Saturday, August 24, 2013

Keep Digging

Chinese dangling from the fourth floor window!
Since they could not get him to Jesus because of the crowd, they made an opening in the roof above Jesus, and after digging through it, lowered the mat the paralyzed man was lying on. When Jesus saw their faith, he said to the paralytic, "Son, you sins are forgiven." ~ Read Mark 2:1-12

At one of the churches I pastored we began an outreach to men and named it, Call of the Wild. It was a rather novel approach at the time, so we wrestled with ideas of how to promote it.
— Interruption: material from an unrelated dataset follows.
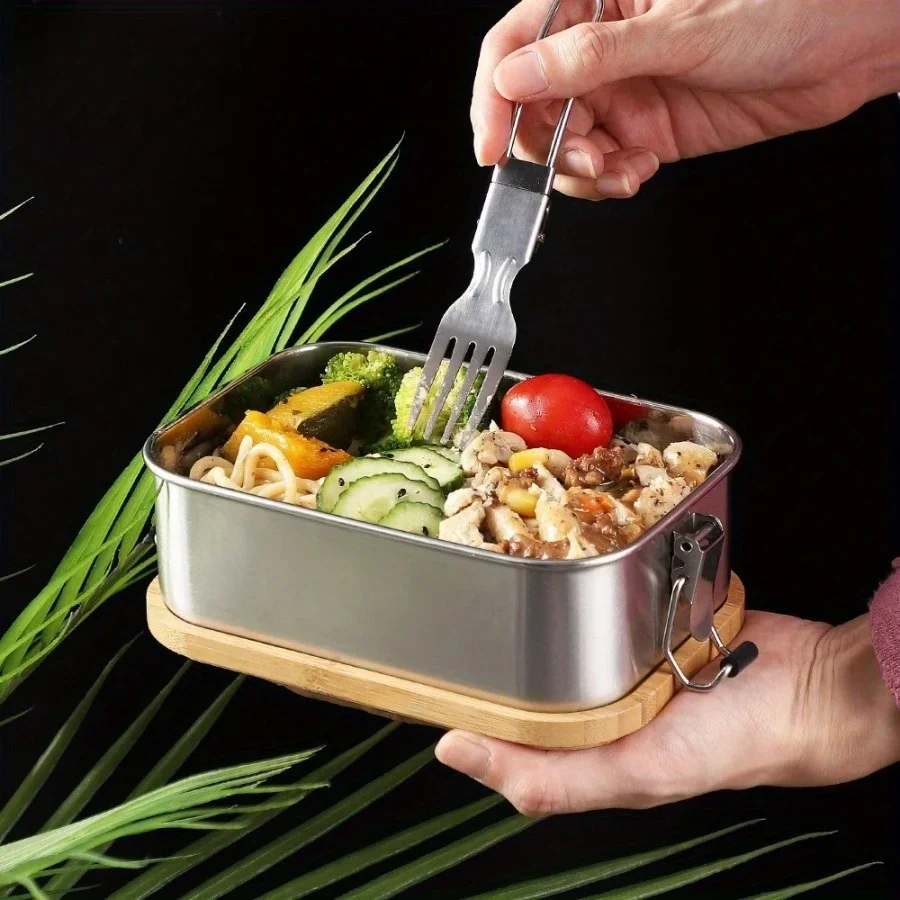 صندوق غداء بغطاء خيزران من الف - مراجعة Food Storage Made Easy وسعره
Zack, our college minister, who had also been a trainer for the Army Rangers, came into one of our meetings with an impish look in his eye, and said, "Bill, I just reconned the upper level of the sanctuary, and I have an idea for a Sunday promotional for Call of the Wild." Some background--Zack had been teaching me to rappel, and we had been on a few high-altitude adventures together. He continued, "There is a spot, about forty feet above the choir loft, where we can tie off to the roof trusses, remove a ceiling tile, and rappel into the sanctuary, right between the choir and pulpit!"

Well, on a Sunday morning just before the choir sang, we pulled the panel, dropped our ropes, came flying down out of the ceiling in a fast descent, and set our brakes about ten feet off the floor.  We announced that we were having a day especially designed for men at the Buck's farm for skeet and trap shooting, archery, bass fishing, paintball wars, a rock climbing wall, rappelling from an eighty foot tower, SEC football on a big screen, and lots of red meat!

As Zack and I dangled there in mid-air, we could see the many different expressions on the faces of our congregation. Some thought it was the coolest thing they had ever seen. Others--not so much. One of the single ladies, said that as she sat in the choir loft waiting for the choir to sing, she prayed that God would bring a man into her life. She thought she was witnessing a genuine miracle when two dropped out of the heavens right in front of her. She recovered and prayed more specifically, "God, it would need to be a single man!"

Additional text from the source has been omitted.